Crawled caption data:
☆ ☆ ☆
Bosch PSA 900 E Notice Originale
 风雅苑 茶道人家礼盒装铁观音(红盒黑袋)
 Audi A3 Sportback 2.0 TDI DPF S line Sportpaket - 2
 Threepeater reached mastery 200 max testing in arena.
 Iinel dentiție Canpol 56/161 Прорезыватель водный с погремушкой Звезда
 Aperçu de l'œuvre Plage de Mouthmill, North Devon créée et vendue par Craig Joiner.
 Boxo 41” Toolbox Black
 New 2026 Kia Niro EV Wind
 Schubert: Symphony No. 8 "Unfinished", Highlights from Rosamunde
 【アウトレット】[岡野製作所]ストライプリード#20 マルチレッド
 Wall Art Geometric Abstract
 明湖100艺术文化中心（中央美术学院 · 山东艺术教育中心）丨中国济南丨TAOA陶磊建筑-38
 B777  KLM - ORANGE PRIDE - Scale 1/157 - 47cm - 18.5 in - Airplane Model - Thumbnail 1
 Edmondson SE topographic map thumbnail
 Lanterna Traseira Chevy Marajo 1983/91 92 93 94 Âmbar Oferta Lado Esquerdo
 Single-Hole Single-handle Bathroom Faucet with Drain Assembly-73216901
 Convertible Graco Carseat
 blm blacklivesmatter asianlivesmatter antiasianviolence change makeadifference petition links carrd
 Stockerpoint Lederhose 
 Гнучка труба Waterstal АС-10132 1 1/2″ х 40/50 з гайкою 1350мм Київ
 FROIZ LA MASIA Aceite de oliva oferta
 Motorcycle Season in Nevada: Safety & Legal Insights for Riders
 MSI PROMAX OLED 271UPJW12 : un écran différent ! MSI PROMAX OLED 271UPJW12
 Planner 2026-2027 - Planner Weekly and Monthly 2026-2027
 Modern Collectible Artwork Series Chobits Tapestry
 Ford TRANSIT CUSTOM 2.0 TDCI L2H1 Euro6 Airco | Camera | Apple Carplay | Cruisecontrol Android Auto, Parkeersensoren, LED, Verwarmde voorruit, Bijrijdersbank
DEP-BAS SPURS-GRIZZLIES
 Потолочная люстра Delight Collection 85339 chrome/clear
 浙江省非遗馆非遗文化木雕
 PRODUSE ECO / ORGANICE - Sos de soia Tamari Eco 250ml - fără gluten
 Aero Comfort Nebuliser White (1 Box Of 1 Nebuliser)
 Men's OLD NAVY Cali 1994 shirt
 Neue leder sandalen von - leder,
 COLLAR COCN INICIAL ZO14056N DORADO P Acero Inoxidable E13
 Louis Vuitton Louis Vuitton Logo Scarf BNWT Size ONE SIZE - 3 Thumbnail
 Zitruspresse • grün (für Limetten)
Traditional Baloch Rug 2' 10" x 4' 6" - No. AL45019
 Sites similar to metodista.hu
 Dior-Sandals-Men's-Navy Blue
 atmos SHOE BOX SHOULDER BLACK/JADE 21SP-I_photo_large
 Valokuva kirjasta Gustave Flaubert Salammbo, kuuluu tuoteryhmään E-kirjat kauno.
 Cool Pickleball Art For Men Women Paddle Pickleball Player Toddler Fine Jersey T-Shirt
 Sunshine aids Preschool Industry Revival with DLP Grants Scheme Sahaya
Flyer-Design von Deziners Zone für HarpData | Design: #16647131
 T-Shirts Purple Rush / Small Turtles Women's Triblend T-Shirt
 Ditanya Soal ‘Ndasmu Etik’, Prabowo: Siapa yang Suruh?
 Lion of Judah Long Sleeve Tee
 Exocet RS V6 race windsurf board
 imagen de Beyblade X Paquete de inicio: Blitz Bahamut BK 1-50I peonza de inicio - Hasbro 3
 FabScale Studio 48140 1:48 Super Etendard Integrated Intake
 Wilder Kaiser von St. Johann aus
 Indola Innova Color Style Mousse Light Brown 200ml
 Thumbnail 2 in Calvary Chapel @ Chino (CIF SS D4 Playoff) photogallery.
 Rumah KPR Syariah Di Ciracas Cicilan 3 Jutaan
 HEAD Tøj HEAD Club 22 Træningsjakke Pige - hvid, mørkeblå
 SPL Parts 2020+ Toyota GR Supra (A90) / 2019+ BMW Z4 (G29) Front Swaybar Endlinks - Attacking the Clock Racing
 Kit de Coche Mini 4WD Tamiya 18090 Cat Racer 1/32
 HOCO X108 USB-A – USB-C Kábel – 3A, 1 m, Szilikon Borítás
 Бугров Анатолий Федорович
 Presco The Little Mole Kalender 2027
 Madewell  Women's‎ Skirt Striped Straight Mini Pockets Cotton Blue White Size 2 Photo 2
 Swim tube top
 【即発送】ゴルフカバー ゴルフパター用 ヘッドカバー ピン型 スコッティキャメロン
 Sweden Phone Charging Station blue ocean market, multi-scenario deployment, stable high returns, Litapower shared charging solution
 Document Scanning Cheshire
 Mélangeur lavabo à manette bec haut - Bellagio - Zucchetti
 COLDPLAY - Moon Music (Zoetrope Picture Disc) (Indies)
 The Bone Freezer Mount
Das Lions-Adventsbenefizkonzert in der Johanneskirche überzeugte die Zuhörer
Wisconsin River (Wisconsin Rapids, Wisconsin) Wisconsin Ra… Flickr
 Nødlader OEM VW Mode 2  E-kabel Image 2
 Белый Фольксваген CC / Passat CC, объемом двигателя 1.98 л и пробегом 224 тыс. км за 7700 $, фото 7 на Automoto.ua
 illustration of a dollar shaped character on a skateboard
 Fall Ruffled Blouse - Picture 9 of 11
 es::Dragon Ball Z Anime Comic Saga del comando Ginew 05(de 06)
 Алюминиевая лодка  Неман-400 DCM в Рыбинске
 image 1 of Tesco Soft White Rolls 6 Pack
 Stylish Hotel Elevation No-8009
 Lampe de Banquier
☆ ☆ ☆
== EXERCISE GOAL ==
Exact reproduction is required. Give the lines of the data from its first line through the line containing "Planner 2026-2027 - Planner", and no others.

== TASK RESPONSE ==
Bosch PSA 900 E Notice Originale
 风雅苑 茶道人家礼盒装铁观音(红盒黑袋)
 Audi A3 Sportback 2.0 TDI DPF S line Sportpaket - 2
 Threepeater reached mastery 200 max testing in arena.
 Iinel dentiție Canpol 56/161 Прорезыватель водный с погремушкой Звезда
 Aperçu de l'œuvre Plage de Mouthmill, North Devon créée et vendue par Craig Joiner.
 Boxo 41” Toolbox Black
 New 2026 Kia Niro EV Wind
 Schubert: Symphony No. 8 "Unfinished", Highlights from Rosamunde
 【アウトレット】[岡野製作所]ストライプリード#20 マルチレッド
 Wall Art Geometric Abstract
 明湖100艺术文化中心（中央美术学院 · 山东艺术教育中心）丨中国济南丨TAOA陶磊建筑-38
 B777  KLM - ORANGE PRIDE - Scale 1/157 - 47cm - 18.5 in - Airplane Model - Thumbnail 1
 Edmondson SE topographic map thumbnail
 Lanterna Traseira Chevy Marajo 1983/91 92 93 94 Âmbar Oferta Lado Esquerdo
 Single-Hole Single-handle Bathroom Faucet with Drain Assembly-73216901
 Convertible Graco Carseat
 blm blacklivesmatter asianlivesmatter antiasianviolence change makeadifference petition links carrd
 Stockerpoint Lederhose 
 Гнучка труба Waterstal АС-10132 1 1/2″ х 40/50 з гайкою 1350мм Київ
 FROIZ LA MASIA Aceite de oliva oferta
 Motorcycle Season in Nevada: Safety & Legal Insights for Riders
 MSI PROMAX OLED 271UPJW12 : un écran différent ! MSI PROMAX OLED 271UPJW12
 Planner 2026-2027 - Planner Weekly and Monthly 2026-2027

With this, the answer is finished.